The Street: Brick Screen and Tiled Roof



From the street, the bakery presents a row of brick screen fence columns with the Minji sign, trees lit from below, and the warm glow of the interior behind. The boundary wall undulates: its top edge rises and falls in a continuous curve that echoes the roofline behind it. The tiled roof is visible above, broad and low. From the rubber field on the opposite side, the entire composition reads as a terracotta form with a scalloped silhouette sitting low in the landscape.
The Courtyard: Tree, Bench, and Brick



The courtyard is the hinge between the cafe and the home. A tree grows at the centre. A white curved bench wraps around it. Brick columns with scalloped arch cutouts define the edges. A circular window in a green plastered wall frames a view through to the interior. The ground is herringbone brick, and a curved path leads from the entrance gate through the courtyard to the cafe door.
At dusk, the courtyard becomes the best seat.
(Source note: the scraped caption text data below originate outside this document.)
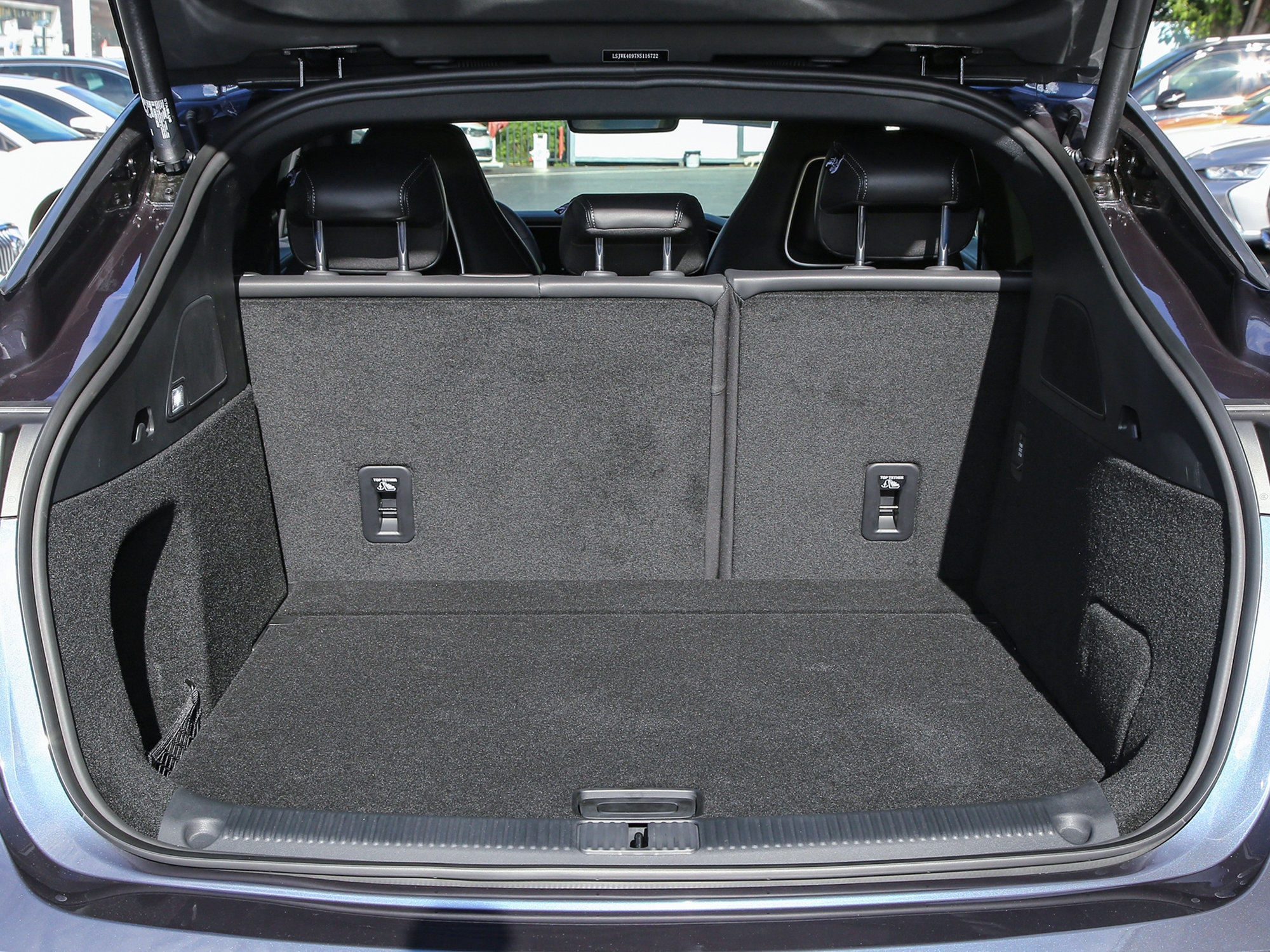 飞凡R7汽车评测,飞凡r7真实试驾评测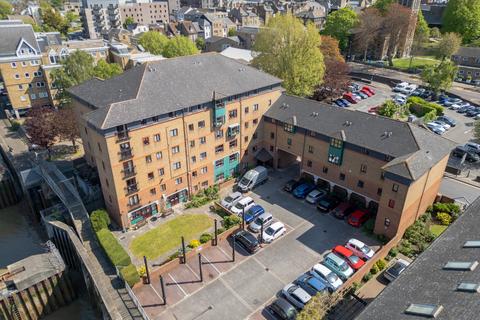 2 bedroom flat for sale, Regents Court, West Street, Gravesend, Kent, DA11 0BT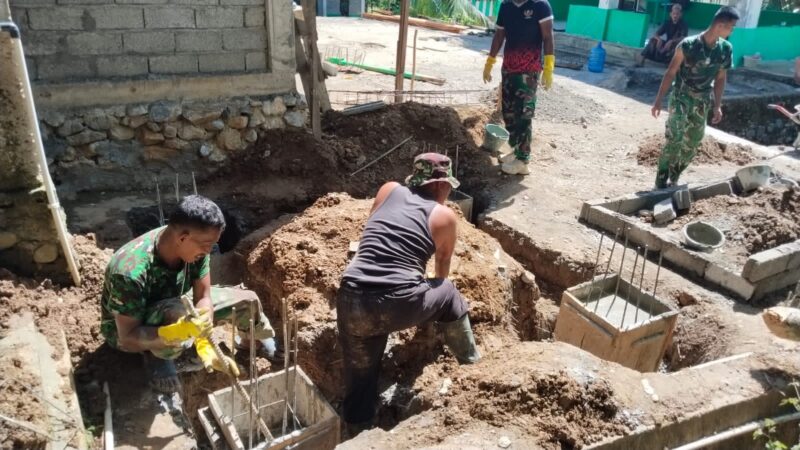 Personel Satgas TMMD Reguler ke-129 Kodim 0107/Aceh Selatan melaksanakan pengecoran tiang penyangga tower air dalam pembangunan fasilitas sumur bor yang telah mencapai progres 50 persen di Desa Aur Pelumat, Kecamatan Labuhanhaji Timur, Sabtu (8/8/2026). Foto: Dok. Istimewa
The terracotta walls catch the last light. The tree is silhouetted. The interior glows through the glass. The green concrete cylinder of the baking room anchors one corner, and the timber deck with cushioned seating fills the other. The courtyard does what courtyards in Vietnamese architecture have always done: it brings air, light, and social life into the centre of a compact plan.
The Cafe Interior



Inside, the cafe has a curved green terrazzo counter with a round window that frames the courtyard tree. The walls are terracotta and ochre plaster. The ceiling is tiled with a traditional Vietnamese roof structure visible above. Small round tables and leather chairs fill the seating area. Timber-framed windows open to the garden. The material palette is warm, earthy, and continuous: the same terracotta outside appears inside, the same green concrete of the exterior cylinder reappears in the counter and the entry steps.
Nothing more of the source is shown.